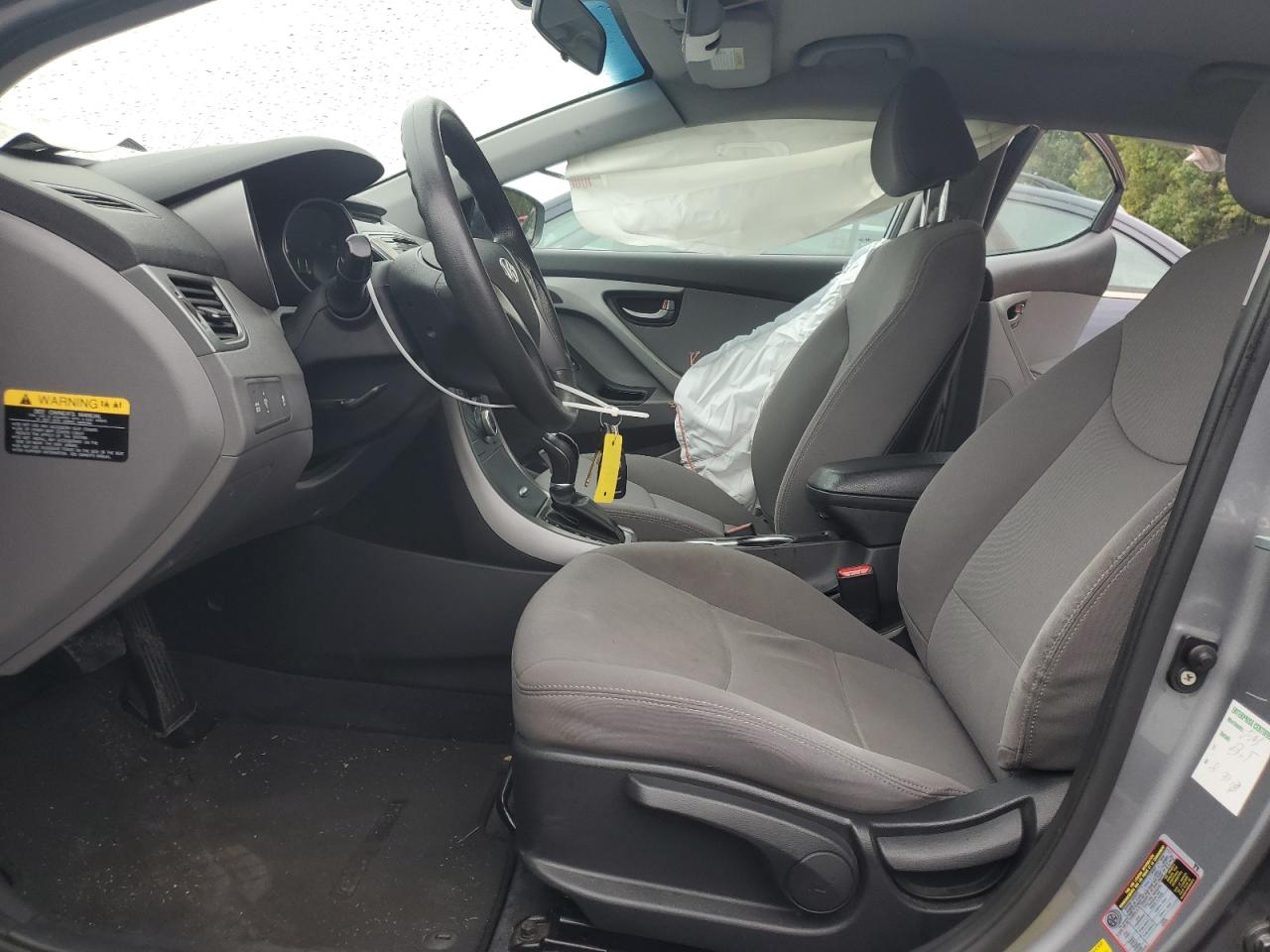 2014 Hyundai Elantra Se VIN: KMHDH4AE8EU211857 Lot: 81083125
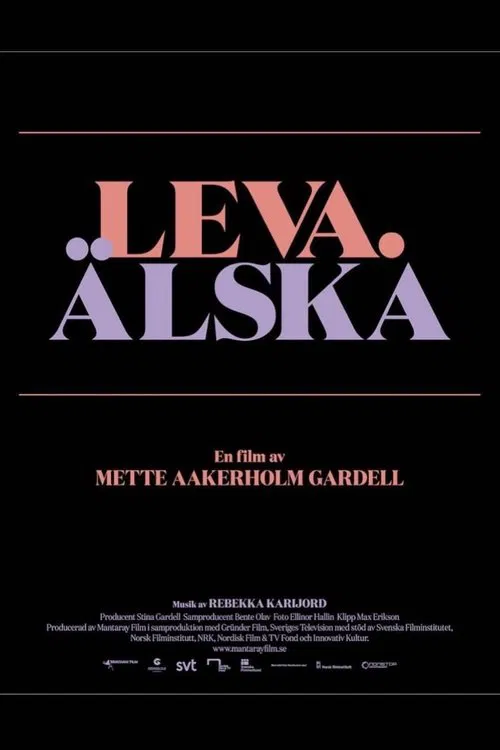 Living. Loving. movie poster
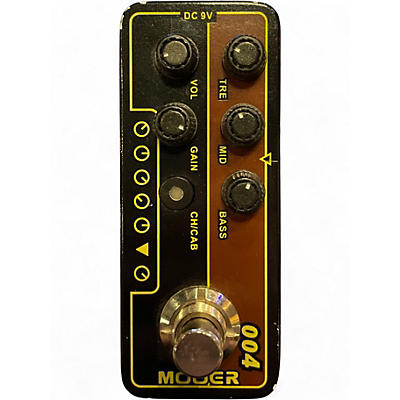 Used Mooer DAY TRIPPER Microphone Preamp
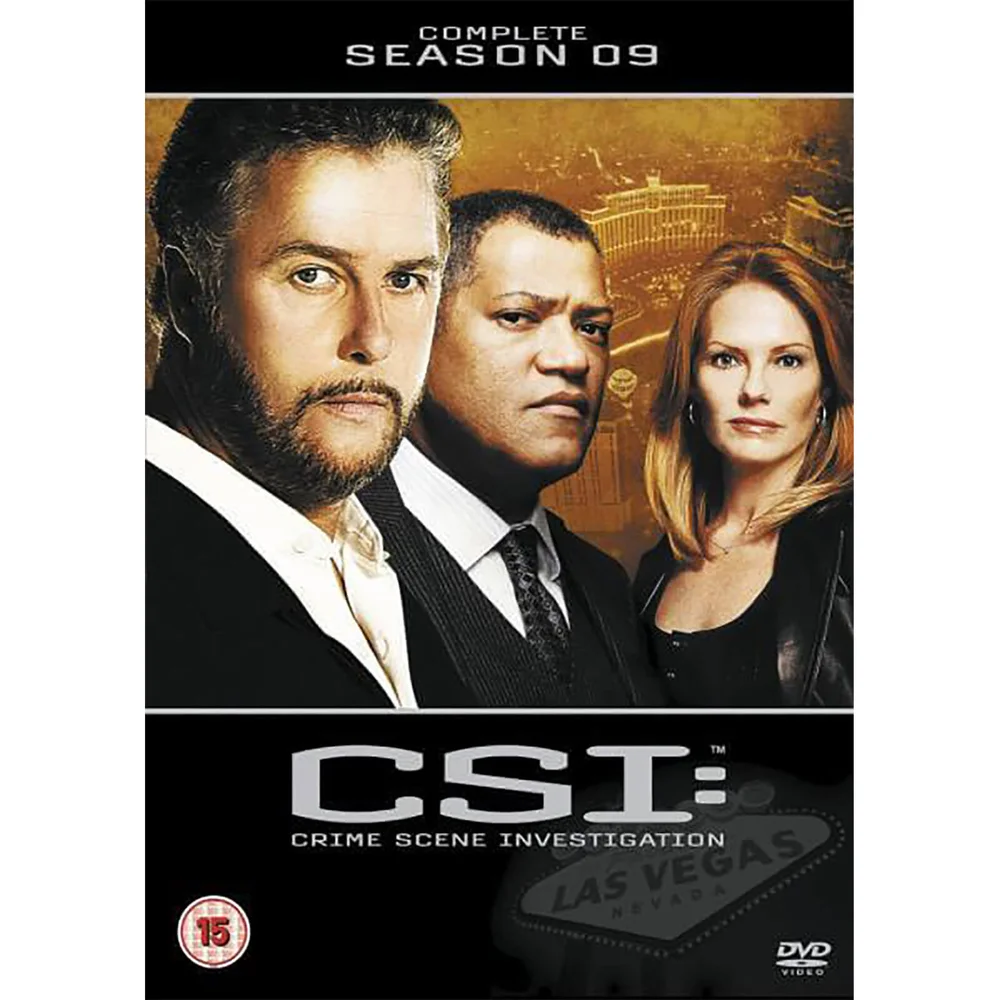 C.S.I. - Crime Scene Investigation - Vegas - Seizoen 9 - Compleet Afbeelding 1
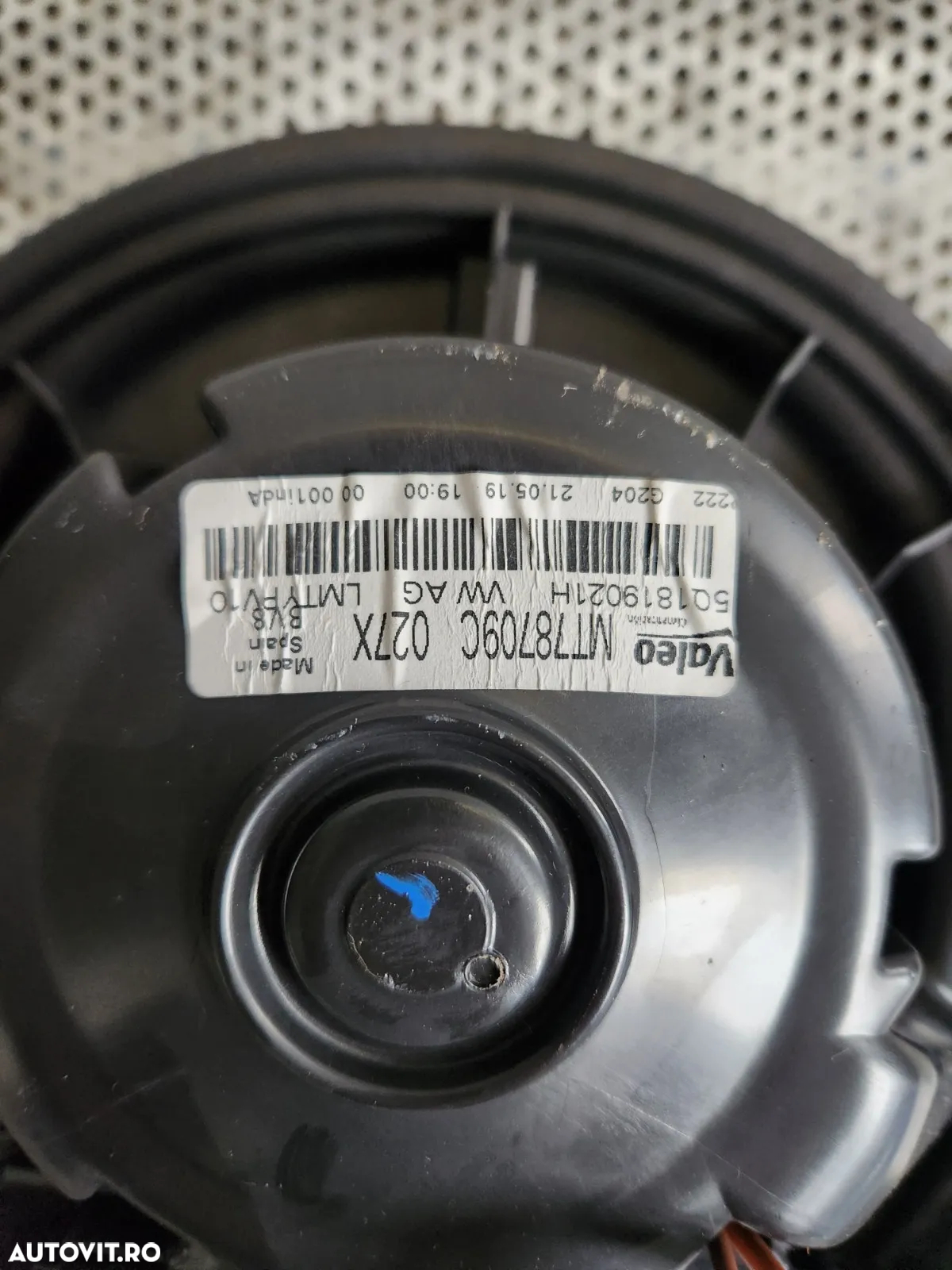 Aeroterma Bord Ventilator Habitaclu Vw T-Roc T-Cross Tiguan Polo Golf Seat Skoda Dupa 2018 Cod MTC - 5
----------
## ABOUT THIS TASK
Exact repetition of each line above is expected; images are to be omitted.

## COMPLETED EXERCISE
 2014 Hyundai Elantra Se VIN: KMHDH4AE8EU211857 Lot: 81083125
 Living. Loving. movie poster
 Used Mooer DAY TRIPPER Microphone Preamp
 C.S.I. - Crime Scene Investigation - Vegas - Seizoen 9 - Compleet Afbeelding 1
 Aeroterma Bord Ventilator Habitaclu Vw T-Roc T-Cross Tiguan Polo Golf Seat Skoda Dupa 2018 Cod MTC - 5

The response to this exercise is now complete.